Vida e Saúde
Bangladesh registra morte por vírus Nipah após alerta na Índia
Paciente não tinha histórico de viagem; OMS monitora contatos e diz que risco segue baixo, mas países reforçam controles
Autoridades de saúde de Bangladesh confirmaram nesta segunda-feira a morte de uma paciente infectada pelo vírus Nipah no norte do país, aumentando o estado de alerta na região após casos recentes registrados na Índia. A Organização Mundial da Saúde (OMS) informou que todas as 35 pessoas que tiveram contato próximo com a paciente foram monitoradas e testaram negativo até o momento.
Detalhes do caso:
Segundo informações do jornal inglês Daily Mail, a vítima, com idade entre 40 e 50 anos, apresentou febre e sintomas neurológicos em 21 de janeiro, incluindo dor de cabeça, cãibras musculares, perda de apetite e vômitos. O quadro evoluiu rapidamente para confusão mental, hipersalivação e convulsões. Ela foi internada em 27 de janeiro, perdeu a consciência e faleceu no dia seguinte. Exames laboratoriais confirmaram a infecção pelo Nipah.
De acordo com autoridades locais, a paciente não havia viajado recentemente, mas consumiu repetidamente seiva de tâmara crua nas semanas anteriores — prática associada à transmissão do vírus, que pode ocorrer por contato com frutas ou líquidos contaminados por saliva ou fezes de morcegos frugívoros.
O caso surge poucos dias após a Índia confirmar infecções pelo vírus no estado de Bengala Ocidental, o que levou à intensificação das medidas de vigilância.

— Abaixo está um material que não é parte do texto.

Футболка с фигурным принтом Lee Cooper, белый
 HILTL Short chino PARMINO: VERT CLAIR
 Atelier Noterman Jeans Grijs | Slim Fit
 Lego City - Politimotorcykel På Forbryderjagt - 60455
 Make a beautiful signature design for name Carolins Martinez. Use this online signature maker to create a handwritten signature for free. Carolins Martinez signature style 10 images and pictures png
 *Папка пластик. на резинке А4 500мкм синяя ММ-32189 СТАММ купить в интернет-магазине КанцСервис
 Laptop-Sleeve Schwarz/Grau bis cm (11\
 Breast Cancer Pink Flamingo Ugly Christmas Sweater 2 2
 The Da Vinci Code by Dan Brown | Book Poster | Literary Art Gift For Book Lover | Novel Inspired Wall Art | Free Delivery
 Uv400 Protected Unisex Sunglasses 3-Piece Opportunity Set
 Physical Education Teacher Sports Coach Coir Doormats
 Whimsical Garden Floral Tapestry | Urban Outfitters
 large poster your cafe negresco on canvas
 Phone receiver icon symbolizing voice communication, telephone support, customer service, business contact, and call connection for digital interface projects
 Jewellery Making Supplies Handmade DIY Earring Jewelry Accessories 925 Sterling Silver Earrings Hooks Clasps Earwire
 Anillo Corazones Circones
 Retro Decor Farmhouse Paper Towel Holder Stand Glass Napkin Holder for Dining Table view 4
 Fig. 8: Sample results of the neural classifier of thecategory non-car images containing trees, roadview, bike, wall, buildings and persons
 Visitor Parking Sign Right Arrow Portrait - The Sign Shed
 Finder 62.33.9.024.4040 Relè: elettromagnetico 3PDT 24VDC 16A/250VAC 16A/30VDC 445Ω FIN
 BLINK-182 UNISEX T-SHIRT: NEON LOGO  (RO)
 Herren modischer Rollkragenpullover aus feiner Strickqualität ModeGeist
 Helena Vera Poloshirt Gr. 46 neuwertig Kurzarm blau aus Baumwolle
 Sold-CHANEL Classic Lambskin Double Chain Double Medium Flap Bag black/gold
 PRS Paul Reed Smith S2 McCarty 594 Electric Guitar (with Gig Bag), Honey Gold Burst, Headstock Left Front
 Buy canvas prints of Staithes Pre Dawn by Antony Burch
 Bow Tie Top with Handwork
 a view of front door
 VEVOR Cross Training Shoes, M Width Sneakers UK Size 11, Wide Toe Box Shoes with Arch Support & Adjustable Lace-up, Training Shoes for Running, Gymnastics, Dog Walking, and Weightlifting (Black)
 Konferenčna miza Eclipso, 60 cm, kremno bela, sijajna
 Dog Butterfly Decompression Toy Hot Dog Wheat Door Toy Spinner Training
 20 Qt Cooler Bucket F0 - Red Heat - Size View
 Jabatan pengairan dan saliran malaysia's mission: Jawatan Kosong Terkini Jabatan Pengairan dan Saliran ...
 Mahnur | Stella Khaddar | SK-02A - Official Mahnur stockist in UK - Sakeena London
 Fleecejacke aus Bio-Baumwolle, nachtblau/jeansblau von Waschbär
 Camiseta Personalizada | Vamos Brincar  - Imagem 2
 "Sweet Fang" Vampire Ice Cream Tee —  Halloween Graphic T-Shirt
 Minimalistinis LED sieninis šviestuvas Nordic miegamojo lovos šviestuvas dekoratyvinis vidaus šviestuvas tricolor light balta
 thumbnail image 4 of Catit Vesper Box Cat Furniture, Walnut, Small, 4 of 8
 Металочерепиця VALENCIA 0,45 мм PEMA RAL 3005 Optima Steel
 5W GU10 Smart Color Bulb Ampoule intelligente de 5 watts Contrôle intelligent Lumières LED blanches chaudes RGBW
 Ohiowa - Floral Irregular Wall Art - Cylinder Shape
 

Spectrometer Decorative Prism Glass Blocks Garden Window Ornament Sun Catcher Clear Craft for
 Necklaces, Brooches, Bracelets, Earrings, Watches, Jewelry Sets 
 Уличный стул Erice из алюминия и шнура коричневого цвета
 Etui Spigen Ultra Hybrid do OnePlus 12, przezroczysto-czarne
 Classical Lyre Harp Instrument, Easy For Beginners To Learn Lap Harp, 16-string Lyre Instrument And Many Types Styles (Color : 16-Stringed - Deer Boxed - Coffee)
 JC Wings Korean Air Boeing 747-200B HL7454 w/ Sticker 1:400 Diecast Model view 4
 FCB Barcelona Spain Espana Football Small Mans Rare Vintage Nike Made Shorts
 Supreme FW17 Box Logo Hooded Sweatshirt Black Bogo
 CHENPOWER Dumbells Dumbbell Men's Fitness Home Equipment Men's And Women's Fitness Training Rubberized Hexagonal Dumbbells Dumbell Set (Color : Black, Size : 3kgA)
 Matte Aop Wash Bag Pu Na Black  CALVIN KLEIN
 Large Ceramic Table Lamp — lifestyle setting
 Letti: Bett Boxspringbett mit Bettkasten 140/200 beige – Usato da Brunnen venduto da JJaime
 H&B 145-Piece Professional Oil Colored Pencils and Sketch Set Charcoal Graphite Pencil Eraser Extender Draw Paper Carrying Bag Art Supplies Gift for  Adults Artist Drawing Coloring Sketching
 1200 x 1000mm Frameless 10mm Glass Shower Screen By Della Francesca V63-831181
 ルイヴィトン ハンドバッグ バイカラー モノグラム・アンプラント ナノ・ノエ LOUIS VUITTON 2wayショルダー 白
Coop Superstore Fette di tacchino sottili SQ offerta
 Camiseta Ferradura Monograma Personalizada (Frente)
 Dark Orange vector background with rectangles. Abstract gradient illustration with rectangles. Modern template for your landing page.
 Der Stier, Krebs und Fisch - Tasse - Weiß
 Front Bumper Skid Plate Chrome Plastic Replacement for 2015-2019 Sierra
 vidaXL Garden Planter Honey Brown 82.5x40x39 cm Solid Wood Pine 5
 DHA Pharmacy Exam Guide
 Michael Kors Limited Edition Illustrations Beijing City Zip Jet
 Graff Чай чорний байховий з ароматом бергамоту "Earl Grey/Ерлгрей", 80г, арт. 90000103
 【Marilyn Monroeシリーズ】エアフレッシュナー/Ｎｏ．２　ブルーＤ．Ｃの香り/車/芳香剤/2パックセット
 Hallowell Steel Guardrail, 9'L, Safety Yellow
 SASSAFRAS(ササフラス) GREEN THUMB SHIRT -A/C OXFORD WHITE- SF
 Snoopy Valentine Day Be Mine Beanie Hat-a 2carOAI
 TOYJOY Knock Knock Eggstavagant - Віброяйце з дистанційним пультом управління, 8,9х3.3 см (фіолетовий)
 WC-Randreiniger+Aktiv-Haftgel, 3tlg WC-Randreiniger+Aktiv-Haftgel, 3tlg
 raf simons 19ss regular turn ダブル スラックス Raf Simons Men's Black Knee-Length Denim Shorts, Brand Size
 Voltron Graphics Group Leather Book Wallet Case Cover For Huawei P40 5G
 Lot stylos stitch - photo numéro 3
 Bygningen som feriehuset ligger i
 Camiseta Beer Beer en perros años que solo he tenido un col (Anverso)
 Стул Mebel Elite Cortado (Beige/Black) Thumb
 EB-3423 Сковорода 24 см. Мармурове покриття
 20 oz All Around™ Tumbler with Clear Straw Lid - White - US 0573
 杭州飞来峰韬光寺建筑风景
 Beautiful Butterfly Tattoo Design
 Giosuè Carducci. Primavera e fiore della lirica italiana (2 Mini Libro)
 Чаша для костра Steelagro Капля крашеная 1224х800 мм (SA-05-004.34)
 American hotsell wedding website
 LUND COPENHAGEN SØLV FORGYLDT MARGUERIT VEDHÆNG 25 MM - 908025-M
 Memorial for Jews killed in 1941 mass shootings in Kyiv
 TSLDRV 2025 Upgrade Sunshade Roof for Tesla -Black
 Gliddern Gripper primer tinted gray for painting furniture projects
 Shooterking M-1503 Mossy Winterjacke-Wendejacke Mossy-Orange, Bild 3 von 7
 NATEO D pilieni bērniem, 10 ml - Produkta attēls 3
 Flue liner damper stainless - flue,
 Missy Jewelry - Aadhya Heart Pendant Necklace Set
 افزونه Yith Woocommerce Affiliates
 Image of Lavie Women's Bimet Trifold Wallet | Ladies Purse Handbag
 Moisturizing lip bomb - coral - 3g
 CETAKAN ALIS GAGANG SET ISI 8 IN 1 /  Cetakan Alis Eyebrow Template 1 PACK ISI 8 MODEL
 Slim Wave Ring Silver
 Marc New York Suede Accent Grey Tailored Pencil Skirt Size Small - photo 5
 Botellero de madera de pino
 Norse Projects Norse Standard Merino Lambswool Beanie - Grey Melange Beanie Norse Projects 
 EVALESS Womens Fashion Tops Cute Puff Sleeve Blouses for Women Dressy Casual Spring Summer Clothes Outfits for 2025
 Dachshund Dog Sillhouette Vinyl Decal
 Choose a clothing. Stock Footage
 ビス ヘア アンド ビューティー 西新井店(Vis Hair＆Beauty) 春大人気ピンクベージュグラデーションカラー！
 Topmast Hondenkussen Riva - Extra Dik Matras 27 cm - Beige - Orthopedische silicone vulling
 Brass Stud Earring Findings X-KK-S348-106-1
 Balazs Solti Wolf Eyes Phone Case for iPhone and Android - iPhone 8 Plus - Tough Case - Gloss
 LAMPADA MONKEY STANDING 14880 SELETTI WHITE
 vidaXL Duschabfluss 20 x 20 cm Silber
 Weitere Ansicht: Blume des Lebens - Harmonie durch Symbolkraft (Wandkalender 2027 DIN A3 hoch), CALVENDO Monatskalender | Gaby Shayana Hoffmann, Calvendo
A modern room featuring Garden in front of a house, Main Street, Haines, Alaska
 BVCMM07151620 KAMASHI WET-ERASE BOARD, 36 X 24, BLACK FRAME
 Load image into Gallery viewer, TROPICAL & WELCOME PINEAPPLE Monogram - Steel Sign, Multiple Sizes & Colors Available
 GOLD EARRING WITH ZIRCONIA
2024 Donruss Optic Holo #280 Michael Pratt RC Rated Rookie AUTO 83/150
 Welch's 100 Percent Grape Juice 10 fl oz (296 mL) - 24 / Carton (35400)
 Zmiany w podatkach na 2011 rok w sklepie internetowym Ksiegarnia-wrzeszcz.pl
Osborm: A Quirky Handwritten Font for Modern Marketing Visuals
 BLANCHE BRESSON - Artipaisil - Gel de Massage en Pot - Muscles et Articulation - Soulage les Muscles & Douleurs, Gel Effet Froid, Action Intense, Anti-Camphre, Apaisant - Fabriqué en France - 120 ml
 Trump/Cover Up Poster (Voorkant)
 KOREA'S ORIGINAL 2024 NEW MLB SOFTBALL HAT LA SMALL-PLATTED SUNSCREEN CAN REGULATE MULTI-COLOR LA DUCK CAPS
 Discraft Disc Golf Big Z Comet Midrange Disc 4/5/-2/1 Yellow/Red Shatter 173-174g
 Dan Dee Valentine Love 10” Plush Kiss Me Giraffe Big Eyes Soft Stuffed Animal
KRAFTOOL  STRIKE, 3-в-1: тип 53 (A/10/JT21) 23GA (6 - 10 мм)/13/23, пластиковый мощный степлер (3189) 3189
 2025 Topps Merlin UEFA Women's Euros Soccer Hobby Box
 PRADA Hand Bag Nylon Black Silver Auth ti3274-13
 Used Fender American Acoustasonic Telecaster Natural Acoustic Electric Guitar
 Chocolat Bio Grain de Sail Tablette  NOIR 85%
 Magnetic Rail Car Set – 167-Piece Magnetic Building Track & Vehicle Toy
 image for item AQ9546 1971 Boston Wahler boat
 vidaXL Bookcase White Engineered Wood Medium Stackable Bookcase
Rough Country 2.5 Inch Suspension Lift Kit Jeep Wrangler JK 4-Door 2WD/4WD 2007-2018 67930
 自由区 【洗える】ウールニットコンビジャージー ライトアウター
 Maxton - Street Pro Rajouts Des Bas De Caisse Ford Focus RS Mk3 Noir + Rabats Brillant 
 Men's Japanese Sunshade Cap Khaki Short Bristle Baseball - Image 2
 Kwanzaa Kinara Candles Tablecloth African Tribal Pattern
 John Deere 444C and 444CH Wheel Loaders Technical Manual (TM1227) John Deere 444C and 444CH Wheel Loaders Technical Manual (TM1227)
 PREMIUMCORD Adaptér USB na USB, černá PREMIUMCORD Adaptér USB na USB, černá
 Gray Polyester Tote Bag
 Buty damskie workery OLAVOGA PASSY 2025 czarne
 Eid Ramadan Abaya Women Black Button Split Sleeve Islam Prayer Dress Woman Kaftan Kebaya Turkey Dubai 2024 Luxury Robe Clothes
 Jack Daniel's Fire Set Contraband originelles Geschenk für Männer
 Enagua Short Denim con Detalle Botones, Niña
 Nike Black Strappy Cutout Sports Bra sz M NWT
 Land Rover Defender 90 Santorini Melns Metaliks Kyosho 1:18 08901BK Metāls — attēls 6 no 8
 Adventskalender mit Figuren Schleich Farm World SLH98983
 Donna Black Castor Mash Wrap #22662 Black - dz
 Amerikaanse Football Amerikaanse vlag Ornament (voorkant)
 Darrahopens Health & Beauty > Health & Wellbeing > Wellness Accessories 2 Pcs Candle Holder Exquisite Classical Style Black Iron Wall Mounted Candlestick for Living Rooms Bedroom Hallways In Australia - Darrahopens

Países vizinhos, como Malásia, Tailândia, Indonésia e Paquistão, passaram a adotar triagens e verificações de temperatura em aeroportos.
Órgãos de saúde do Reino Unido emitiram orientações a viajantes, ressaltando que o risco para a população geral permanece baixo, mas recomendam atenção especial a áreas com circulação do vírus.
Sobre o vírus Nipah:
O Nipah é uma doença infecciosa rara e grave, com taxa de letalidade estimada entre 40% e 75%. Sobreviventes podem apresentar sequelas neurológicas duradouras, como convulsões persistentes e alterações de personalidade. Em situações raras, o vírus pode permanecer latente e reativar-se meses ou anos após a infecção inicial.